> **EXERCISE DETAILS**:
After locating the line that contains "Gavilane Halskette mit", transcribe exactly that line and each one after it until the data ends, skipping pictures.

> **DATA SHOWN**:
....................

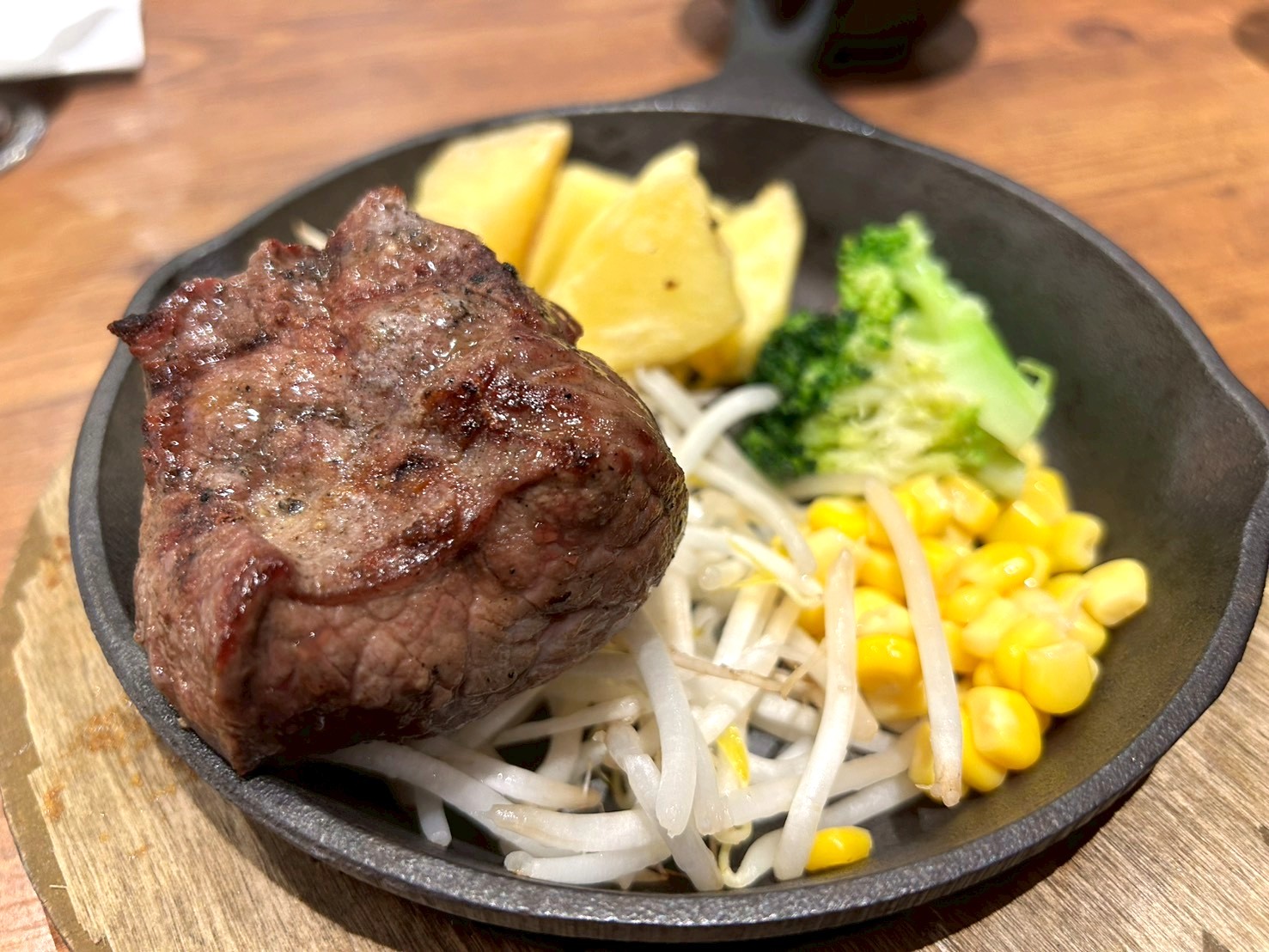 【アメリカンなステーキ】流通団地にあるステーキ＆グリルマーベリックス越谷市場店でリブステーキセットを食べてきました【がやてっくグルメ】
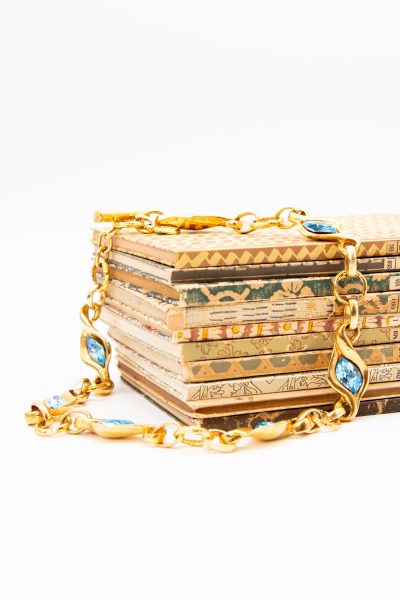 Gavilane Halskette mit Navette-Steinen in Gold und Hellblau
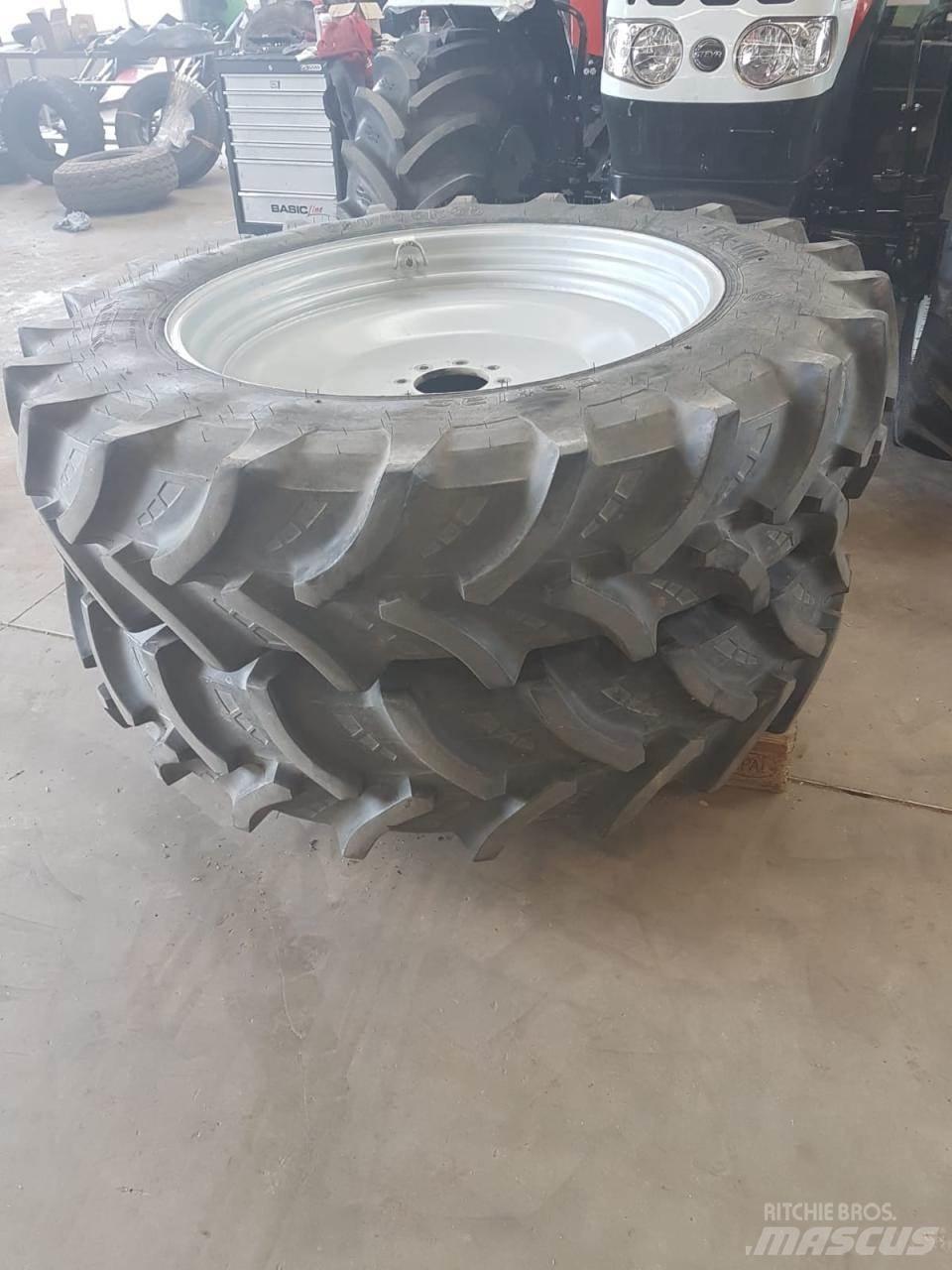 Petlas 380/85R38 Neumáticos, ruedas y llantas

....................

> **TASK SOLUTION**:
 Gavilane Halskette mit Navette-Steinen in Gold und Hellblau
 Petlas 380/85R38 Neumáticos, ruedas y llantas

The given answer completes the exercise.